Agenpress – Il 20% più ricco possiede il 72% del patrimonio totale, mentre il 60% più povero ha appena il 12,4% della ricchezza nazionale. La ricchezza dei 1.900 miliardari più ricchi tra marzo 2017 e marzo 2018 è aumentata di più di 900 miliardi di dollari, pari a oltre 2,5 miliardi al giorno. Di pari passo si registra la diminuzione della quota in mano alla metà più povera del globo (3,8 miliardi di persone), che è scesa dell’11%.

Per rendere meglio l’idea del divario, l’Oxfam riferisce che 26 ultramiliardari (contro i 43 del 2017) possiedono oggi la stessa ricchezza della metà più indigente della popolazione mondiale. Una situazione a cui ha contribuito anche il calo della pressione fiscale sui super-ricchi per effetto del taglio delle tasse negli Usa: nei Paesi più sviluppati, l’aliquota massima dell’imposta sui redditi è passata dal 62% del 1970 al 38% del 2013. Facendo i conti, solo 4 centesimi per ogni dollaro raccolto dal fisco vengono dalle imposte patrimoniali.
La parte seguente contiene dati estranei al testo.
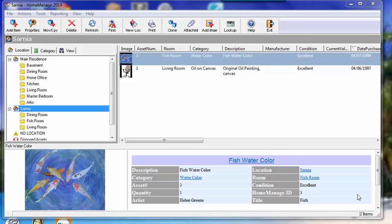Hello again, this is Paul Dombowski from Liberty Street Software. The topic of this tutorial is how to use rooms and locations within our Home Manage Home Inventory software.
Il 5% più ricco degli italiani è titolare da solo della stessa quota di patrimonio posseduta dal 90 per cento più povero. Mentre a livello globale 26 ultramiliardari (contro i 43 del 2017) possiedono oggi la stessa ricchezza della metà più indigente della popolazione mondiale. Enorme il divario di genere: gli uomini possiedono oggi il 50% in più della ricchezza netta delle donne e controllano oltre l’86% delle aziende. Sono questi i risultati raccolti da Oxfam nel rapporto “Bene pubblico o ricchezza privata” e diffuso come ogni anno alla vigilia del World economic forumdi Davos.

Un’ulteriore diseguaglianza è poi quella di genere. A livello globale, infatti, le donne guadagnano il 23% in meno rispetto agli uomini, i quali possiedono il 50% in più della ricchezza e controllano oltre l’86% delle aziende. Ma le donne non sono solo svantaggiate sul piano della consistenza patrimoniale: a questo si aggiunge infatti il grande handicap del lavoro di cura familiare non retribuito che è svolto in modo assolutamente preponderante dal genere femminile.

Secondo i calcoli dell’Oxfam, se a livello globale venisse appaltato a una singola azienda, il fatturato annuo sarebbe di 10mila miliardi di dollari, vale a dire 43 volte quello di un gigante come la Apple. Con la conseguenza che le donne, in particolare quelle delle fasce più povere della popolazione, hanno minor tempo a disposizione per guadagnarsi da vivere e accumulare ricchezza nel corso del tempo.